With "Storytelling," Solondz's 15 minutes would appear to be -- finally, thankfully -- up. "Storytelling" displays the same contempt for his characters that was the defining element of "Welcome to the Dollhouse" and "Happiness," whatever cruelties and indignities the director can muster regarded with a stare of cold revulsion. But in "Storytelling" that attitude is so clearly Solondz's shtick that getting offended by it would simply be rising to the predictable bait.
More than any other filmmaker, Solondz represents the worst trend of American indie filmmaking over the last 10 years: the movie as freak show. He belongs to a class of directors that includes Neil LaBute and Larry Clark, and documentarians like Errol Morris, Chris Smith (the director of "American Movie") and Michael Moore, who can never resist getting laughs at the expense of those blue-collar people he's supposed to be so concerned about. The common sensibility of these filmmakers is that they invite the audience to share their feelings of superiority to the people they put on screen. And too often, the largely white, urban, liberal, educated audience these filmmakers attract have been happy to join in, looking down their collective noses at the hicks and rubes and bourgeoisie trapped on the screen like specimens under glass. This kind of filmmaking is worlds away from the genuine fascination with the bizarre and grotesque shown by David Lynch, or even the delight and love that John Waters (a camp humanist) showers on his outrageous characters.
When directors and screenwriters and novelists talk about the pleasure they take in trying to figure out the behavior of their characters, they're saying that those figures have a life of their own, a way of speaking and behaving and acting that they are discovering more than dictating.

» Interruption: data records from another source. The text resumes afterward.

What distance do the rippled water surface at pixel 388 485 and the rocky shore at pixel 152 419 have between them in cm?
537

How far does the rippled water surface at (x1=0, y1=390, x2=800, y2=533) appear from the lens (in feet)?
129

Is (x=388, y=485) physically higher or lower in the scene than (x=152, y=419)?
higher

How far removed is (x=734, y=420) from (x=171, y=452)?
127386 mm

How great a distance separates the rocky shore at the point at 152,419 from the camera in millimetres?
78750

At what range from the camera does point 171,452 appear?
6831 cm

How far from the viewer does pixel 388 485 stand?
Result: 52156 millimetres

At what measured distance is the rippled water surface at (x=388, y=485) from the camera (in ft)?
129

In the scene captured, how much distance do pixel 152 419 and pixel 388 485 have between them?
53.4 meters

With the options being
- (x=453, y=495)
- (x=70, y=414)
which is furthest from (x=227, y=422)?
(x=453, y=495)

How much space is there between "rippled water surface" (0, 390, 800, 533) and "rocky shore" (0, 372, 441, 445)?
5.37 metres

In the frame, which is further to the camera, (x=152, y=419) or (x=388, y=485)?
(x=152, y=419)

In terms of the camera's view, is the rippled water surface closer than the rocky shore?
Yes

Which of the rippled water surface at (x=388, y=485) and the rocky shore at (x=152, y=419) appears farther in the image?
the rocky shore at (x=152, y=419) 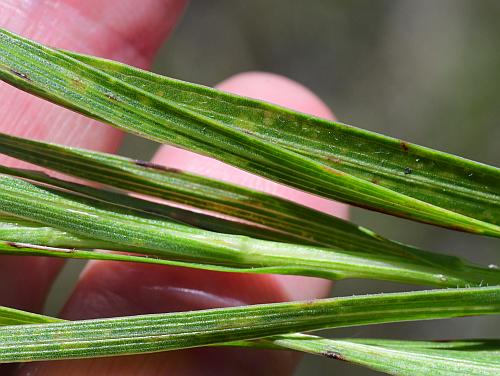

That's part of the frustration and joy of creating memorable, three-dimensional characters.
When filmmakers go the other route of displaying superiority to their characters -- and inviting audiences to join in that superiority -- they've taken the easiest, cheapest way out. Todd Solondz asks nothing more challenging of his audiences than to feel confirmed, justified and finally superior in their prejudices. See, his movies say, the suburbs really are garish pockets of hell; foreigners really do stink (the subject of a memorable aside from "Happiness"); people really will always give in to their own worst impulses; and only all you enlightened, wonderful people out there in the dark laughing at them with me are smart enough to know.
Judging by "Storytelling," the attacks on Solondz for engendering that kind of reaction are starting to wear on him. On the surface, "Storytelling" appears to be an act of self-criticism, the director wondering if his approach is feeding into something ugly in the audience. But this mea culpa is actually a j'accuse. It's not Solondz, "Storytelling" says, who's culpable for the derisive laughter directed at his characters, it's us.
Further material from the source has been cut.